Scotland’s large budget deficit shrank in the last financial year to its lowest since 2012 but remained far larger in percentage terms than that of the United Kingdom as a whole, Scottish government data showed yesterday.

The health of Scotland’s economy, as Britain prepares to leave the European Union in March 2019, is a key issue affecting Scottish voters’ appetite for independence.
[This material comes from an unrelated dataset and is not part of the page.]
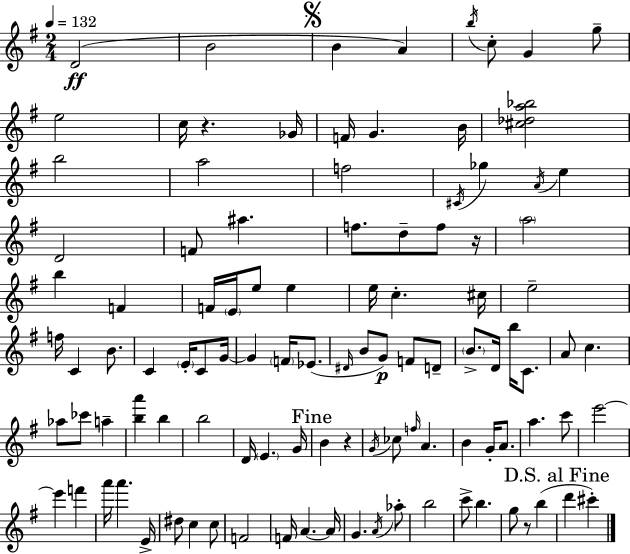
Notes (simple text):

D4/h B4/h B4/q A4/q B5/s C5/e G4/q G5/e E5/h C5/s R/q. Gb4/s F4/s G4/q. B4/s [C#5,Db5,A5,Bb5]/h B5/h A5/h F5/h C#4/s Gb5/q A4/s E5/q D4/h F4/e A#5/q. F5/e. D5/e F5/e R/s A5/h B5/q F4/q F4/s E4/s E5/e E5/q E5/s C5/q. C#5/s E5/h F5/s C4/q B4/e. C4/q E4/s C4/e G4/s G4/q F4/s Eb4/e. D#4/s B4/e G4/e F4/e D4/e B4/e. D4/s B5/s C4/e. A4/e C5/q. Ab5/e CES6/e A5/q [B5,A6]/q B5/q B5/h D4/s E4/q. G4/s B4/q R/q G4/s CES5/e F5/s A4/q. B4/q G4/s A4/e. A5/q. C6/e E6/h E6/q F6/q A6/s A6/q. E4/s D#5/e C5/q C5/e F4/h F4/s A4/q. A4/s G4/q. A4/s Ab5/e B5/h C6/e B5/q. G5/e R/e B5/q D6/q C#6/q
Opinion polls put support for independence at about 45 percent.

Data showed that Scotland’s net fiscal deficit shrank to 13.4 billion pounds (US$17.1 billion) in the 2017/18 tax year from 14.5 billion pounds the year before, helped by stronger North Sea oil and gas revenues.

As a percentage of gross domestic product, the deficit fell to 7.9 percent from 8.9 percent — the lowest since 2011/12 but far higher than in the UK as a whole, where public sector net borrowing was 1.9 percent of GDP in 2017/18.

First Minister Nicola Sturgeon described Brexit yesterday as a “real and present danger” for Scotland and Britain’s economy.

She said she was not opposed to the UK holding a second vote on EU membership — a cause championed by an increasing number of people opposed to Brexit.

But with a majority of voters in Scotland having already voted in the 2016 referendum on EU membership to stay in the bloc, Sturgeon said, the question for Scots now was whether they should continue to be part of a Britain heading for Brexit.

Scotland and Northern Ireland voted in the referendum to remain in the EU, while England — by far the most populous of the home nations — and Wales voted to leave.

In 2014 Scottish voters rejected independence from the rest of Britain by 55 percent to 45 percent.

British Prime Minister Theresa May has ruled out a second vote on EU membership and says it is “not the time” for another Scottish independence vote.

Sturgeon defends higher Scottish public spending and blames deficit-reduction policies imposed by May’s Conservatives for rising income gaps across Britain.